Assessment of Next-Generation Sequence Assembly

El-Metwally, Sara; Ouda, Osama M.; Helmy, Mohamed

doi:10.1007/978-1-4939-0715-1_10

Sara El-Metwally⁴,
Osama M. Ouda^4,5 &
Mohamed Helmy^6,7

Part of the book series: SpringerBriefs in Systems Biology ((BRIEFSBIOSYS,volume 7))

3349 Accesses
2 Citations
2 Altmetric

Abstract

Although there are different measures to evaluate assembler performance and assembly quality, developing assessment tools that incorporate present measures and defining new ones for the various assembly types (genomic, transcriptomic, and metagenomic) still remain a major challenge in the next-generation environment. In this chapter, we will introduce different approaches for assembly assessment as well as discuss upcoming assembly evaluation studies/tools.

Access provided by Autonomous University of Puebla. Download chapter PDF

Keywords

These keywords were added by machine and not by the authors. This process is experimental and the keywords may be updated as the learning algorithm improves.
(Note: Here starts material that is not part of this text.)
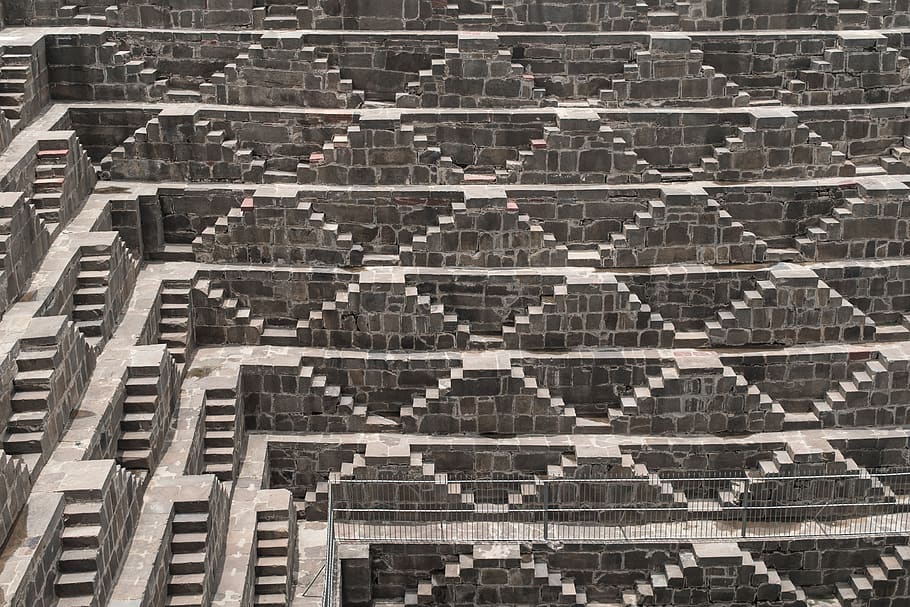 india, rajasthan, outdoor, steps, stairs, stepwell, elcarito, HD wallpaper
1 Introduction to Assembly Assessment

The assessment of the assembly process is mainly performed from two perspectives. The first perspective is assembly quality, which evaluates the contiguity, consistency, and accuracy of the assembled genomes using different approaches [1–4]. The second perspective is the performance and usability of the assembler, which includes numerous issues such as hardware and software requirements, ease of installation and execution, user-friendly interfaces, run time per analysis, required memory per 1 GB of data, and the speed of responsiveness to user commands [5–8].
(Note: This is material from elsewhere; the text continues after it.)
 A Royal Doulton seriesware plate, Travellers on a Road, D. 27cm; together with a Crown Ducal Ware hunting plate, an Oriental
2 Contiguity and Consistency Measures

2.1 Contiguity Assessment

Statistics metrics are usually used to assess the contiguity of the assembled contigs/scaffolds. These metrics include the distribution of their lengths, their maximum, minimum and average lengths, the number of resulting contigs/scaffolds, the total sum of the assembled contigs/scaffolds, the total length of their short reads, and the N _x score. N ₅₀ and N ₇₅ represent the most important metrics for measuring contig/scaffold contiguity. They are defined as the length of the contig/scaffold such that 50 %/75 % of its bases are in contigs of greater or equal length [1–4, 9–12]. Although a large value of the N _x score indicates more contiguity in the assembled contigs/scaffolds, the misassembly of contig/scaffold sequences may also increase the score [13].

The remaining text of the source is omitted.